══ Records for this exercise

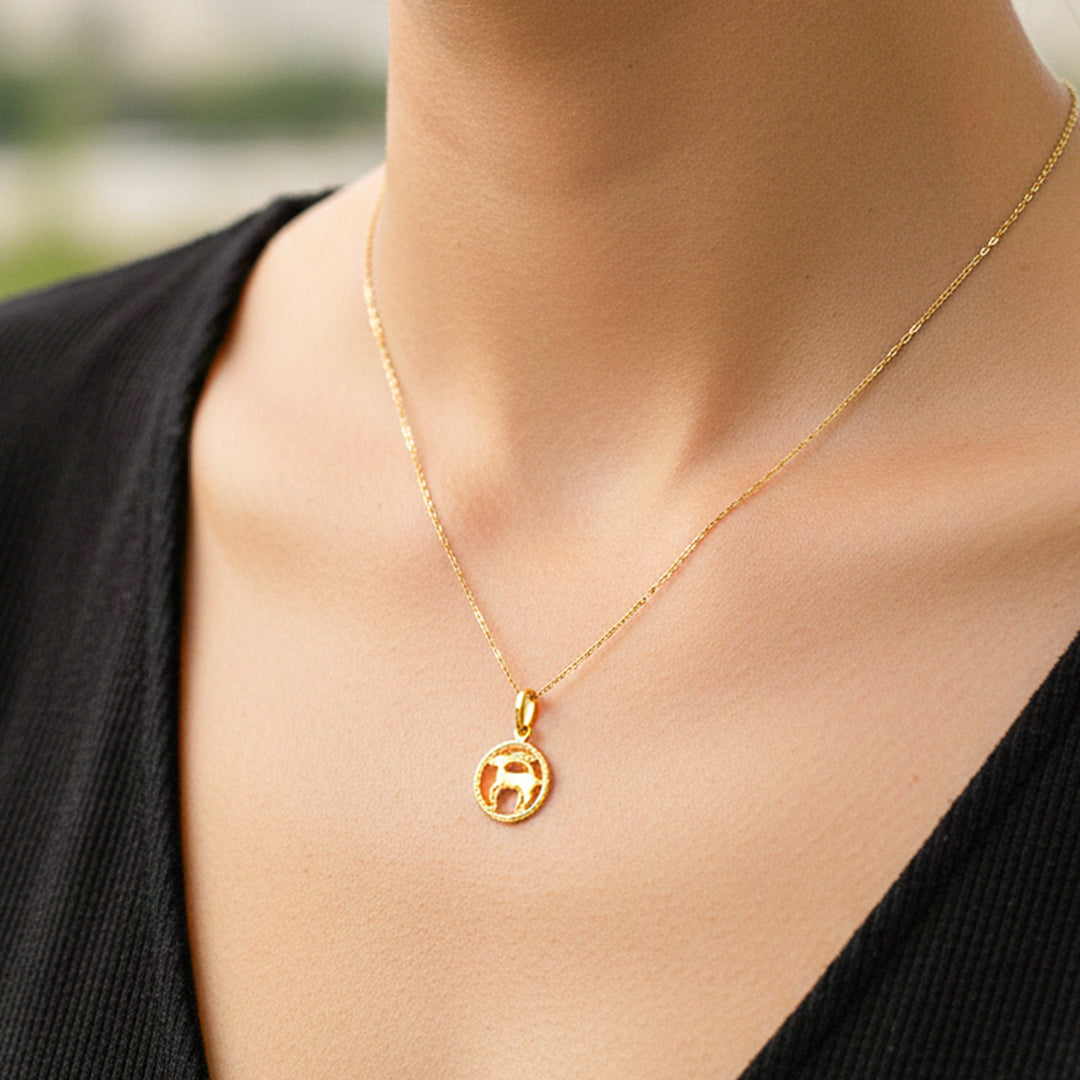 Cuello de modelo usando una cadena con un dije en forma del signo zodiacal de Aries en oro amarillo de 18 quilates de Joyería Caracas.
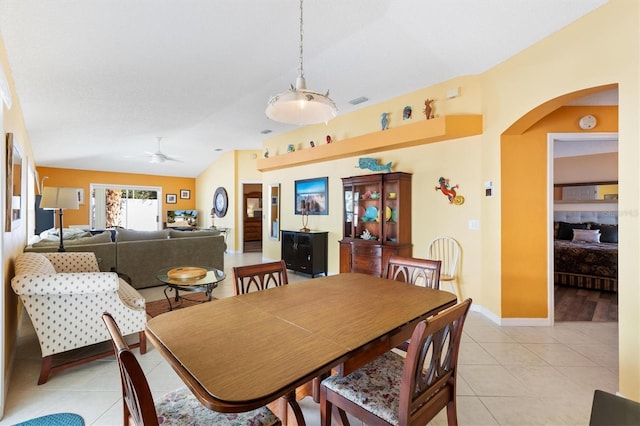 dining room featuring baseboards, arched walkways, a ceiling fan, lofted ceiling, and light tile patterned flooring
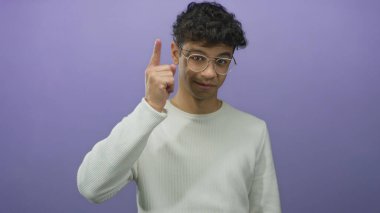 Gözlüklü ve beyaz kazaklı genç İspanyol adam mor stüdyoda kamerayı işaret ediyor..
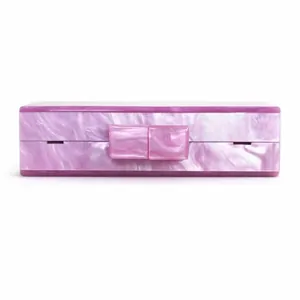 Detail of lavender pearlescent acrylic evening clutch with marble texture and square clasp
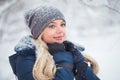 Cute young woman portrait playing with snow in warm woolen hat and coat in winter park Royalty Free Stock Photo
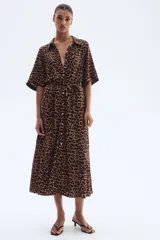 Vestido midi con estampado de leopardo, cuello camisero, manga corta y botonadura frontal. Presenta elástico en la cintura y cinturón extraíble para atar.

════
══ Records for this exercise

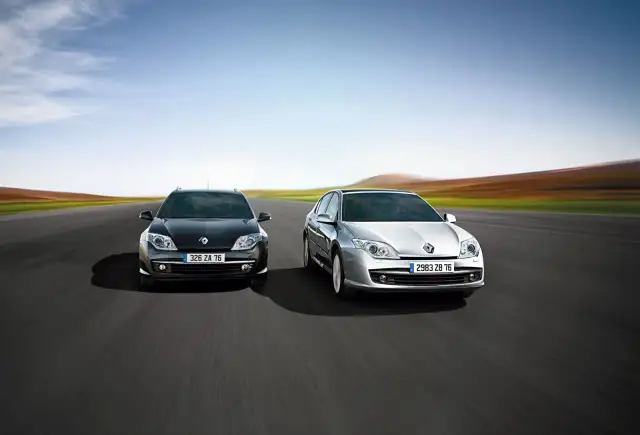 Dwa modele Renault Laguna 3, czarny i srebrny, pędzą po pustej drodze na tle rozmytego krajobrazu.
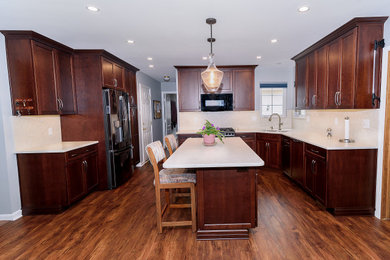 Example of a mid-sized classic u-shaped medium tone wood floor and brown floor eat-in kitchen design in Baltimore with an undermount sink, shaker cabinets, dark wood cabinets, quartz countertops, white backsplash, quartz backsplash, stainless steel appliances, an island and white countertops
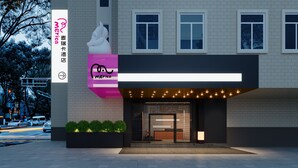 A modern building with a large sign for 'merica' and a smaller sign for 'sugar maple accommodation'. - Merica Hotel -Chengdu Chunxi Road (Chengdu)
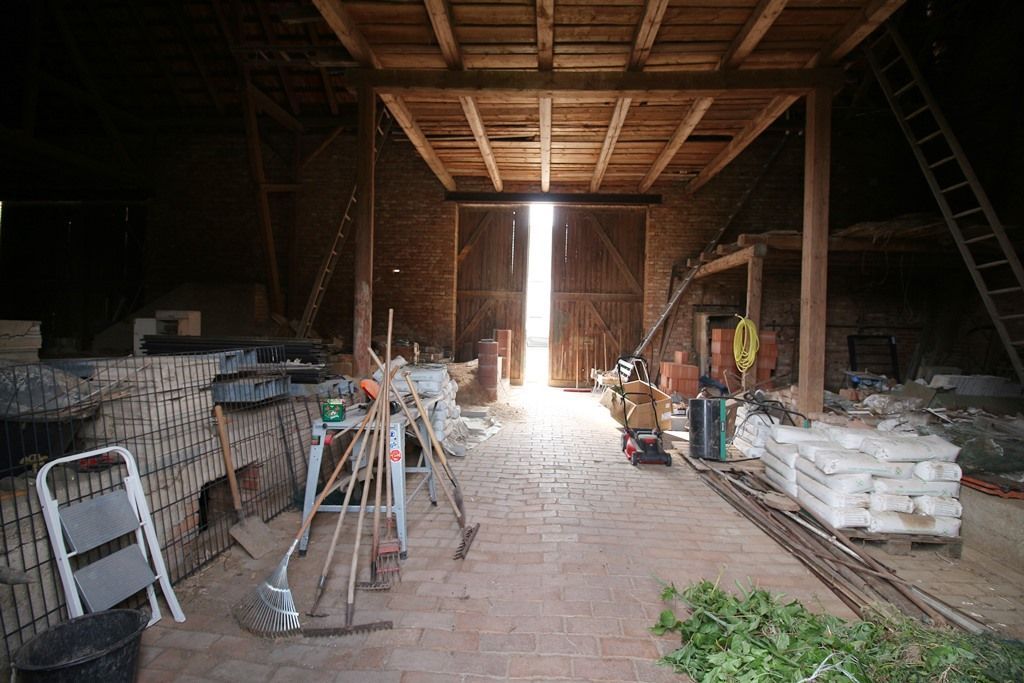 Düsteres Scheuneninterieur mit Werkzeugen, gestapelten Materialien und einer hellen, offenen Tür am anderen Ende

════

- Your task
Take the lines above starting at the one containing "Cuello de modelo" and ending at the one containing "Vestido midi con", and print them again exactly, without pictures.

- Answer box
 Cuello de modelo usando una cadena con un dije en forma del signo zodiacal de Aries en oro amarillo de 18 quilates de Joyería Caracas.
 dining room featuring baseboards, arched walkways, a ceiling fan, lofted ceiling, and light tile patterned flooring
 Gözlüklü ve beyaz kazaklı genç İspanyol adam mor stüdyoda kamerayı işaret ediyor..
 Detail of lavender pearlescent acrylic evening clutch with marble texture and square clasp
 Cute young woman portrait playing with snow in warm woolen hat and coat in winter park Royalty Free Stock Photo
 Vestido midi con estampado de leopardo, cuello camisero, manga corta y botonadura frontal. Presenta elástico en la cintura y cinturón extraíble para atar.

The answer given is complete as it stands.